Adding more constituencies is like buying more pots when there's not enough water to fill the ones you already have. It’s a move that confuses movement for momentum. Experience elsewhere paints a clearer picture.
Take the United States: a country of over 330 million people governed by just 535 members of Congress. With a GDP north of $25 trillion, they haven’t seen the need to multiply their legislative ranks to achieve development. Tanzania, with a fraction of that economic power, is now stretching its already strained public finances to accommodate even more lawmakers.
And across the Atlantic, Namibia offers a different kind of example. In 2024, President Nangolo Mbumba (after succeeding the late Hage Geingob) made a bold call—trim the cabinet. It wasn't popular with the political elite, but it resonated with a public weary of bloated government and unfulfilled promises. That courage to cut back in the name of progress is something we could learn from.
Because ultimately, it's not the number of MPs that drives change—it’s what they do. A parliamentarian, at their best, should be the people’s compass in budget debates, a hawk over public spending, a shield against corrupt deals, and a bridge between dusty villages and the promises made in marble halls.
Nonetheless, in the Tanzania we live in today, many seem more invested in ribbon-cutting ceremonies and weekend political theatrics—chasing allowances while classrooms go roofless, clinics remain understaffed, and graduates walk the streets with degrees but no prospects.
And here’s the irony that hits hardest: while the challenges multiply for ordinary Tanzanians, so do the perks for their representatives. With the creation of 12 new constituencies, the number of MPs is now over 390.
That’s 390+ mouths to feed from the national purse. Opposition leader Freeman Mbowe didn’t mince words—he said each MP takes home around TSh 16 million per month.

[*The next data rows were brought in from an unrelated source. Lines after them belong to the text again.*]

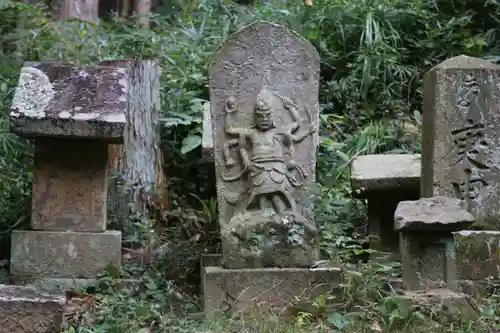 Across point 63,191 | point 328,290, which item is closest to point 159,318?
point 328,290

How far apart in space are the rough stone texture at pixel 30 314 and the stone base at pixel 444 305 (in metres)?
1.63

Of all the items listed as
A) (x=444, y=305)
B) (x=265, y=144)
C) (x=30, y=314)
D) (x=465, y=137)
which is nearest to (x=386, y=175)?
(x=465, y=137)

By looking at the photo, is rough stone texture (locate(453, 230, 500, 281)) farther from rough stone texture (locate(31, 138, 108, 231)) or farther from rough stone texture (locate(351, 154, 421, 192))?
rough stone texture (locate(31, 138, 108, 231))

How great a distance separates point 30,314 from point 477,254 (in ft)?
8.98

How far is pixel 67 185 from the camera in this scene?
5215 millimetres

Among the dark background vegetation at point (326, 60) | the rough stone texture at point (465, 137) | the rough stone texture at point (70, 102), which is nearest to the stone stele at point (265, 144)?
the rough stone texture at point (70, 102)

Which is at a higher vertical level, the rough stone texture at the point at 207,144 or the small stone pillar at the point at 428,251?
the rough stone texture at the point at 207,144

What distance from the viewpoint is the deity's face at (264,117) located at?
4961 mm

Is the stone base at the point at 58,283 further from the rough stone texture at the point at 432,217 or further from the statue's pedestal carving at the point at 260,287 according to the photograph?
the rough stone texture at the point at 432,217

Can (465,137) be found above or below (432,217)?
above

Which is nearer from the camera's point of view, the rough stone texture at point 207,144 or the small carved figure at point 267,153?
the small carved figure at point 267,153

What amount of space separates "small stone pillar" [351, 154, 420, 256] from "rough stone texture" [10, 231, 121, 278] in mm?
1871

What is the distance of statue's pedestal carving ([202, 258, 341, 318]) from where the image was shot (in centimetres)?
453

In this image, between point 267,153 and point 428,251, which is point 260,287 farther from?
point 428,251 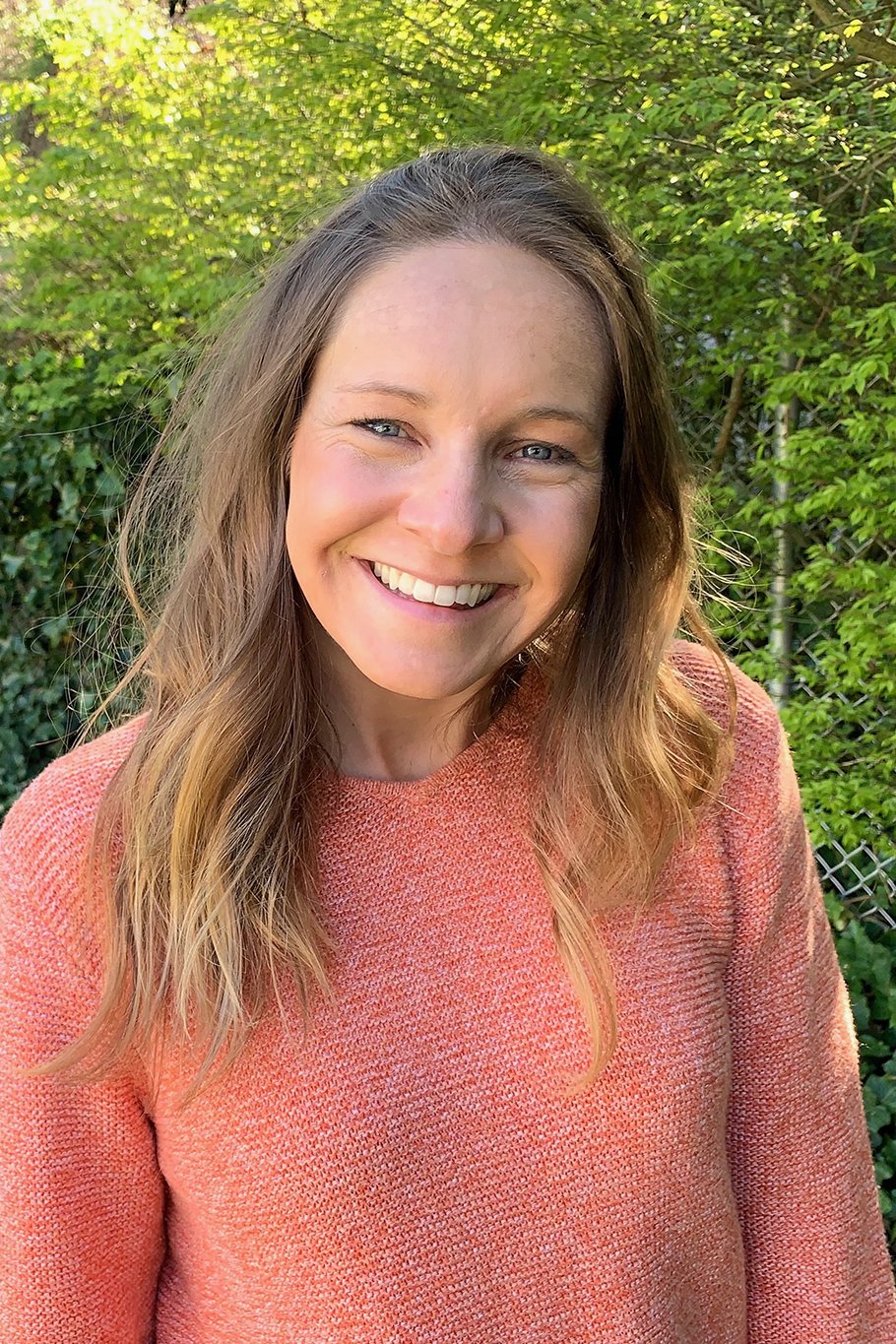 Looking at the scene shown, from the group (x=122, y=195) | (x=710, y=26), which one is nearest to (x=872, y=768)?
(x=710, y=26)

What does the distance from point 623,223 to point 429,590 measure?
1550 millimetres

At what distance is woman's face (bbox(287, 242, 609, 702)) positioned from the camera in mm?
1172

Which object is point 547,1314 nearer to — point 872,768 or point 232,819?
point 232,819

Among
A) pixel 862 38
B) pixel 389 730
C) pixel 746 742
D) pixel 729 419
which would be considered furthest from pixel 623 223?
pixel 389 730

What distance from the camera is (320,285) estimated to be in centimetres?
131

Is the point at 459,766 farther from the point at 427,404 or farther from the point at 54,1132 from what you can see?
the point at 54,1132

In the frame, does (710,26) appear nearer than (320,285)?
No

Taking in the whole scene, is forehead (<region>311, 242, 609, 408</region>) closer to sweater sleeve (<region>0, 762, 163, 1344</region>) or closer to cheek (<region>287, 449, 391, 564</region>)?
cheek (<region>287, 449, 391, 564</region>)

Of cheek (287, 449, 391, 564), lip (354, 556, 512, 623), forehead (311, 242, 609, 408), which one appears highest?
forehead (311, 242, 609, 408)

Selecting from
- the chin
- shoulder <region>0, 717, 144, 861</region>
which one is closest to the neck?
the chin

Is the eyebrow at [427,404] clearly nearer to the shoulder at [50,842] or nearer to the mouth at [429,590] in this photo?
the mouth at [429,590]

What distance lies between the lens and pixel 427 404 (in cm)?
117

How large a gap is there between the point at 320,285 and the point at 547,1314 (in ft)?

On top of that, they pocket a sitting allowance of TSh 540,000 per day during parliamentary deliberations. Multiply that by hundreds of MPs and sitting days, and it's no longer politics—it's premium payroll masked as governance.
Economist Zitto Kabwe has also weighed in before on the spiraling cost of bloated government. He’s warned that growing the state without growing accountability or productivity only ends in economic strain, not transformation.
And he’s right. This isn’t about envy—it’s about equity. It’s about asking: who exactly is the government working for, and who’s footing the bill?
In countries like Sweden and Denmark, where integrity isn't a campaign promise but a working principle, MPs live modestly and are held to high standards. They don’t get fat allowances or grand motorcades. They get results. Because leadership there is measured by service, not by how much you can squeeze out of the state.
Instead of carving up the country into even more political slices, why not make the existing ones work better? Why not strengthen ward offices and local councils, make village governments more than ceremonial shells, and turn oversight bodies into actual watchdogs? Let’s demand MPs who answer hard questions, not just show up for photo ops. Let’s stop feeding a machine that grows but doesn’t move.
Because every shilling spent on padding Parliament is a shilling not spent fixing a water pipe in Lindi, or stocking a health center in Kigoma, or building a computer lab in Tanga. And we feel it—every single day. We don't need more chairs in the Bunge. We need more action. More accountability. More truth.